Newer approaches based on genome sequencing are closing those gaps. Low-pass genome sequencing, which reads the genome at relatively shallow depth, has been shown to catch everything CMA catches plus additional clinically significant CNVs. In a study of over 1,000 prenatal samples, sequencing identified all 124 pathogenic CNVs that microarray found, plus 17 additional ones the microarray missed. Some of those missed variants were small (under 100 kilobases), but others were nearly 300 kilobases, missed not because of size but because of gaps in probe coverage. Sequencing also performed better at detecting mosaicism, where only a fraction of cells carry the CNV, and required far less DNA to run the test (50 nanograms versus 300).
Benign Versus Pathogenic CNVs
Most CNVs are harmless. Everyone carries hundreds of them, and the vast majority either fall in non-critical regions of the genome or affect genes that tolerate dosage changes without consequence. Some are so common in the population that they’re considered normal variation, no different from having brown eyes instead of blue.
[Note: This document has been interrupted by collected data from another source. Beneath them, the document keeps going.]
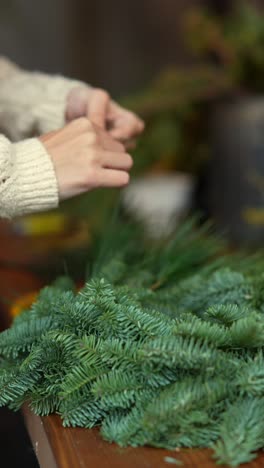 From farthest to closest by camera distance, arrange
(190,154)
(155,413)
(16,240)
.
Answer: (190,154) → (16,240) → (155,413)

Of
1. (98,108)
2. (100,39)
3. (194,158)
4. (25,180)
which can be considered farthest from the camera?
(100,39)

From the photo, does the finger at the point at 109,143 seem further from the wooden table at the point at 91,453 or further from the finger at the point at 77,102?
the wooden table at the point at 91,453

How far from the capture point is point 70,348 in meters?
0.40

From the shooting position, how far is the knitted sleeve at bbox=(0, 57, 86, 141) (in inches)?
24.5

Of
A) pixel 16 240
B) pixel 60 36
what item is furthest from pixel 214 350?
pixel 60 36

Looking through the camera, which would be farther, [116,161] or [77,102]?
[77,102]

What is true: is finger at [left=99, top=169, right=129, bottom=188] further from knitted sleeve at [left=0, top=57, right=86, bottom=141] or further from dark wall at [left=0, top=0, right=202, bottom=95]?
dark wall at [left=0, top=0, right=202, bottom=95]

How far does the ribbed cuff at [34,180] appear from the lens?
48cm

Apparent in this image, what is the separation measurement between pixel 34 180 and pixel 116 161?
0.22 ft

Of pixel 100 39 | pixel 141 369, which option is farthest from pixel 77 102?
pixel 100 39

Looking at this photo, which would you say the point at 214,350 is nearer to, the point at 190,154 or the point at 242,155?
the point at 242,155

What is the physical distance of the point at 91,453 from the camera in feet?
1.21

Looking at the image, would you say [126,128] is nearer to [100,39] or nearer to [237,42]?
[237,42]

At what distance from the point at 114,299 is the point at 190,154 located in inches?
25.8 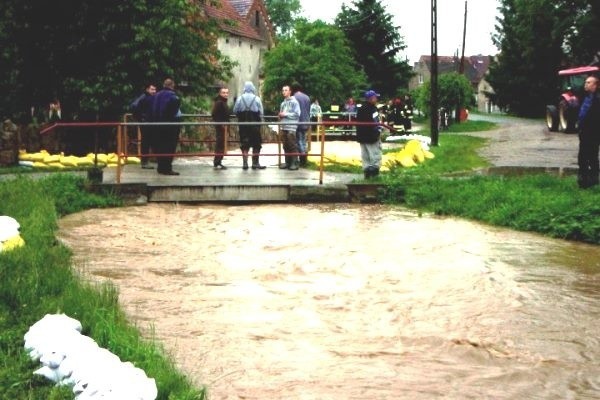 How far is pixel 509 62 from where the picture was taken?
68625 mm

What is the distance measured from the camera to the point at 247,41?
197 ft

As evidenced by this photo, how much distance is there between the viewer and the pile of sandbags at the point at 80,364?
462 centimetres

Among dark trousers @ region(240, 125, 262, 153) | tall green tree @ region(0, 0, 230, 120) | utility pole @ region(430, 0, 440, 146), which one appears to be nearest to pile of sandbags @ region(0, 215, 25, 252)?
dark trousers @ region(240, 125, 262, 153)

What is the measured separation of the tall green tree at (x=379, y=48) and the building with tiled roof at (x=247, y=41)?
6.65m

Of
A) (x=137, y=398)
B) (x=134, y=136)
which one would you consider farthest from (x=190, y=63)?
(x=137, y=398)

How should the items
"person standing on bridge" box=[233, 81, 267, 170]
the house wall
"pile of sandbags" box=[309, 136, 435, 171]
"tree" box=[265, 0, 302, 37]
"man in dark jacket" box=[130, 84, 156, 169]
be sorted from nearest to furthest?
"man in dark jacket" box=[130, 84, 156, 169]
"person standing on bridge" box=[233, 81, 267, 170]
"pile of sandbags" box=[309, 136, 435, 171]
the house wall
"tree" box=[265, 0, 302, 37]

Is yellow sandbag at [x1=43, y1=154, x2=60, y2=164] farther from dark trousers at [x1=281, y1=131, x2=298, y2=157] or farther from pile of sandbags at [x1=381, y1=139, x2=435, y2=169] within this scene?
pile of sandbags at [x1=381, y1=139, x2=435, y2=169]

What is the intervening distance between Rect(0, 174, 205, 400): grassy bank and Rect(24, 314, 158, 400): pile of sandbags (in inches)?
3.3

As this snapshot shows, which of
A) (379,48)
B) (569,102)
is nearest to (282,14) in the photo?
(379,48)

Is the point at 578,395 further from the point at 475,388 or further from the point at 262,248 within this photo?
the point at 262,248

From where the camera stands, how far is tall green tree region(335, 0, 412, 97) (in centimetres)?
5231

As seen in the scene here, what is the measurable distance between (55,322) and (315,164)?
1450 cm

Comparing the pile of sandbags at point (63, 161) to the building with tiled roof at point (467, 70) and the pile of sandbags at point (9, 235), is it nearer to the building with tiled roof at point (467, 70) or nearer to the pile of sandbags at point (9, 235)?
the pile of sandbags at point (9, 235)

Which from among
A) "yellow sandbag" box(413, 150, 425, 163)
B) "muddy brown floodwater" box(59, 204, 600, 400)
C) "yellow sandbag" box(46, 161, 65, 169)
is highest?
"yellow sandbag" box(413, 150, 425, 163) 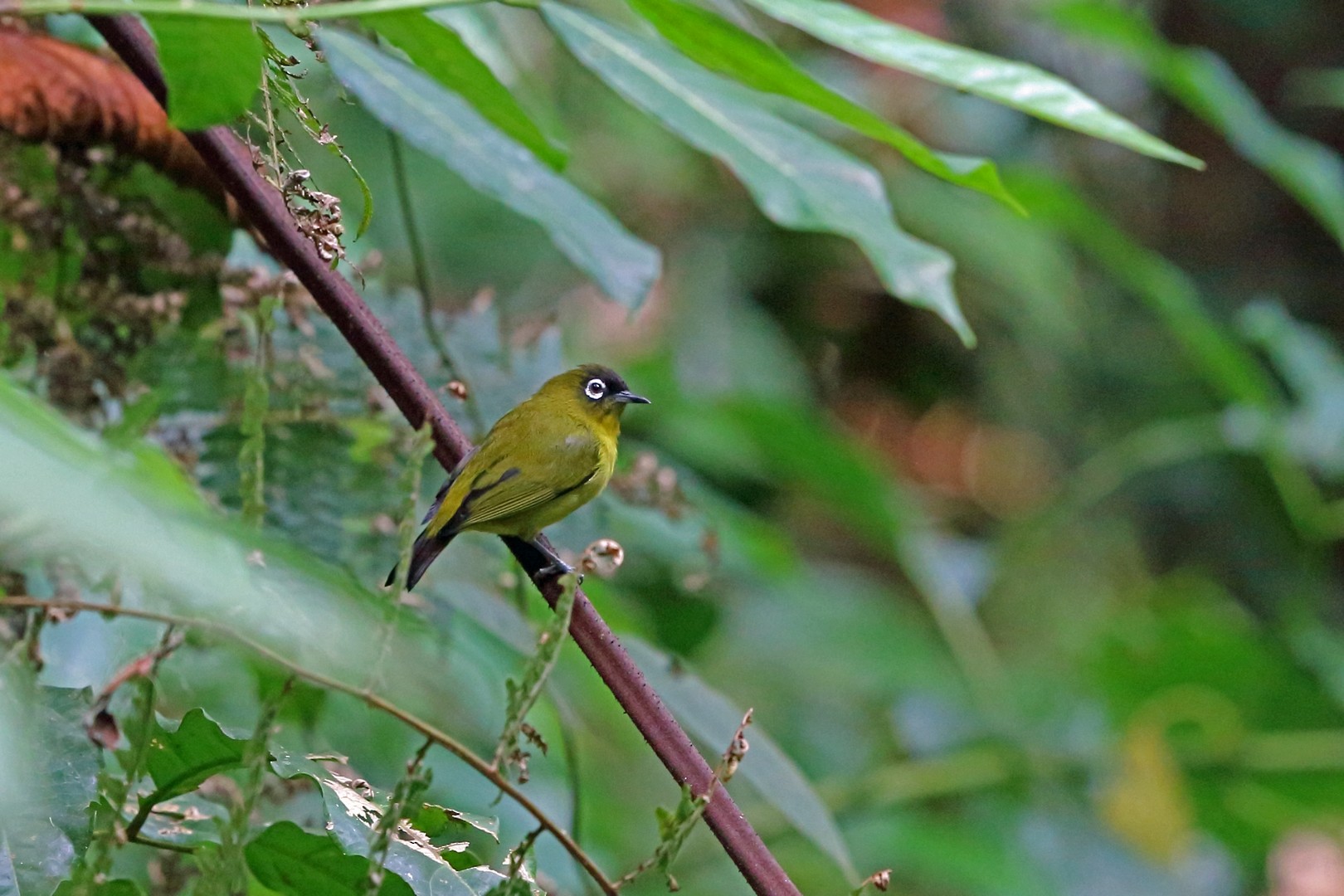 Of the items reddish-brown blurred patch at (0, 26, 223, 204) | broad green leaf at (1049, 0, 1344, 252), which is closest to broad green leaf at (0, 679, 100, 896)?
reddish-brown blurred patch at (0, 26, 223, 204)

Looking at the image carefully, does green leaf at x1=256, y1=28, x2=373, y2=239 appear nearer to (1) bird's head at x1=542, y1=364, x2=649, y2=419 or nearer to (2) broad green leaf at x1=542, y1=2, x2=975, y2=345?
(2) broad green leaf at x1=542, y1=2, x2=975, y2=345

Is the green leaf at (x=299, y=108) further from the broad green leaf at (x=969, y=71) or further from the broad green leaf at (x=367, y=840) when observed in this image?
the broad green leaf at (x=969, y=71)

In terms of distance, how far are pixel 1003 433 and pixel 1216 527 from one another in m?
1.06

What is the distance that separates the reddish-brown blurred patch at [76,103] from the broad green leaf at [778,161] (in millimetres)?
534

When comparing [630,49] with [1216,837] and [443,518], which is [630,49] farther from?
[1216,837]

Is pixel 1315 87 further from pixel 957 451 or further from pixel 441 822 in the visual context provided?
pixel 441 822

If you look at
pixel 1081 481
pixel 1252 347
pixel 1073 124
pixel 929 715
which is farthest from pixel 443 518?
pixel 1252 347

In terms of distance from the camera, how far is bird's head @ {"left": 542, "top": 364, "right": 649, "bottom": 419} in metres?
2.40

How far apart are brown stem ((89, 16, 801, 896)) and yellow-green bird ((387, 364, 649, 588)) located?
1.63ft

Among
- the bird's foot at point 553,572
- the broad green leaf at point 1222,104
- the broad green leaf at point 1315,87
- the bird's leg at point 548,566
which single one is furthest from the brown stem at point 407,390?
the broad green leaf at point 1315,87

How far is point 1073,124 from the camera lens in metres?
1.43

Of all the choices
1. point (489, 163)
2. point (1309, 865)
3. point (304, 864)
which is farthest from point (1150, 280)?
point (304, 864)

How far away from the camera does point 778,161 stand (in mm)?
1827

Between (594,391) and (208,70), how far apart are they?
1.54 meters
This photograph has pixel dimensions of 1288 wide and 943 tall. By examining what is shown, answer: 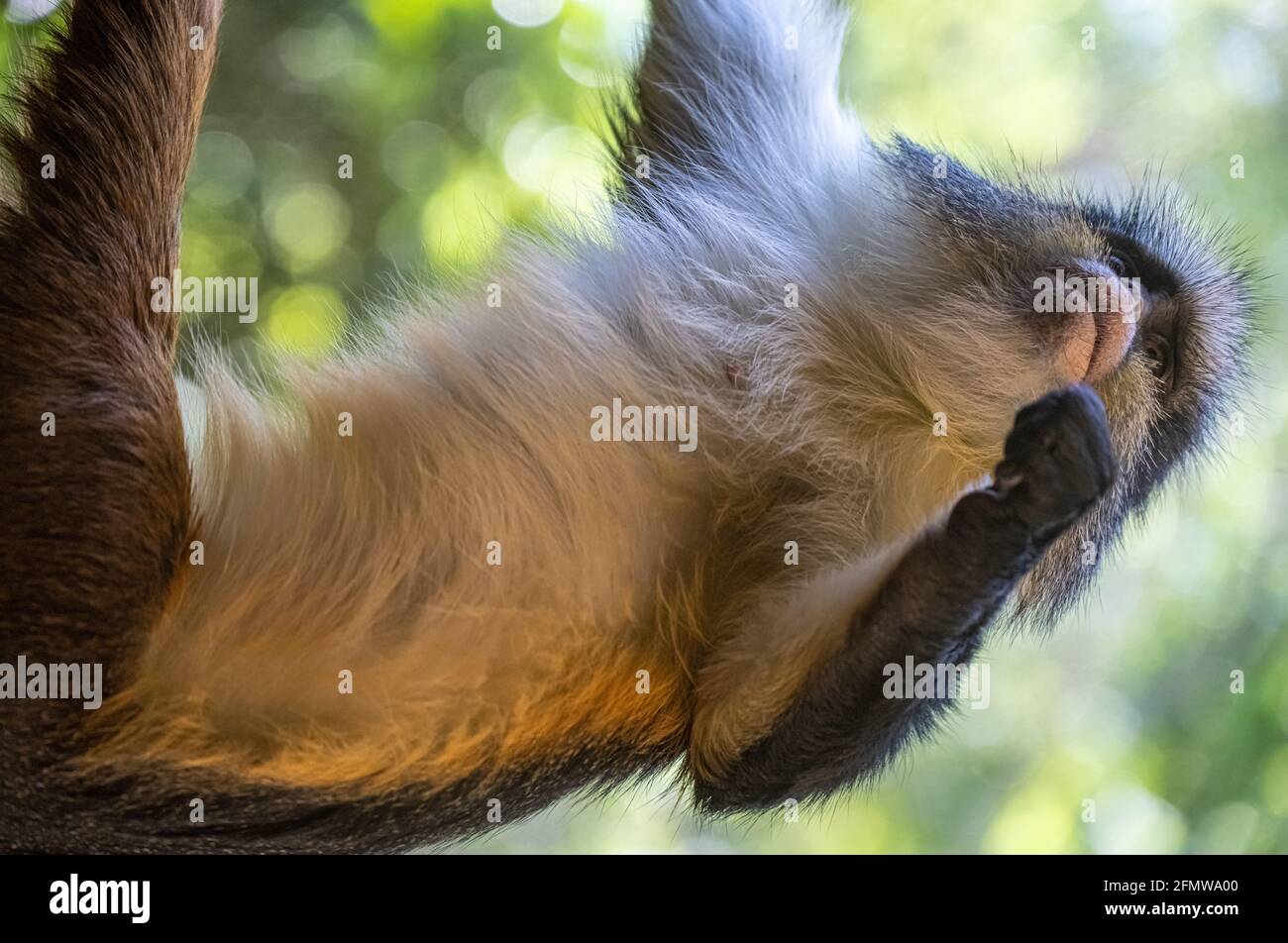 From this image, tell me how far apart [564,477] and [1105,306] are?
3.94ft

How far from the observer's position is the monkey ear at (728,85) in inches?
113

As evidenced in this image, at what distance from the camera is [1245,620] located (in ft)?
11.6

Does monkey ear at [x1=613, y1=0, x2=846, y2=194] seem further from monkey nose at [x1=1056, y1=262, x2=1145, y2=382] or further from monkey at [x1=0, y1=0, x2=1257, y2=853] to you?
monkey nose at [x1=1056, y1=262, x2=1145, y2=382]

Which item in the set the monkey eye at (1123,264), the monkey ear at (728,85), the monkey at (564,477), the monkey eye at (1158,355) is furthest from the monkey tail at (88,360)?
the monkey eye at (1158,355)

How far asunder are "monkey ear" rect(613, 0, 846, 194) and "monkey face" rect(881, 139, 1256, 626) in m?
0.36

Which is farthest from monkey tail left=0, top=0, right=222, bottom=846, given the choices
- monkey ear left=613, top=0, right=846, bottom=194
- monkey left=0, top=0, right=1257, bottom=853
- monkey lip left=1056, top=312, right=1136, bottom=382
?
monkey lip left=1056, top=312, right=1136, bottom=382

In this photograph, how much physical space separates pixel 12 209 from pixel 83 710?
922 mm

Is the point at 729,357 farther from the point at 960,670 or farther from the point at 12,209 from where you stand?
the point at 12,209

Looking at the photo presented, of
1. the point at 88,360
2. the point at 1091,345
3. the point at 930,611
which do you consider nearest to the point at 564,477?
the point at 930,611

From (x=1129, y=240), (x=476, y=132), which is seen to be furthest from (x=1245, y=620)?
(x=476, y=132)

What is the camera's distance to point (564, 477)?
2357 millimetres

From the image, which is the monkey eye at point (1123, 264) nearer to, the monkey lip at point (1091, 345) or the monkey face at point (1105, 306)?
the monkey face at point (1105, 306)

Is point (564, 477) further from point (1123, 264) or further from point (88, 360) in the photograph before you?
point (1123, 264)

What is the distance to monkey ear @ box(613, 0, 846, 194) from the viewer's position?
286 cm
A smaller number of CNVs are clearly pathogenic. These tend to be larger, overlap genes that are dosage-sensitive, and occur in regions of the genome with known disease associations. Between these extremes is a frustrating gray zone: variants of uncertain significance, where the CNV overlaps a gene but there isn’t enough evidence to say whether it causes problems. As databases grow and more genomes are sequenced, many of these uncertain variants get reclassified, but the process is slow. If you or a family member receives a genetic test result showing a CNV, the classification (benign, pathogenic, or uncertain) depends heavily on its size, location, gene content, and whether it’s been seen before in people with similar symptoms.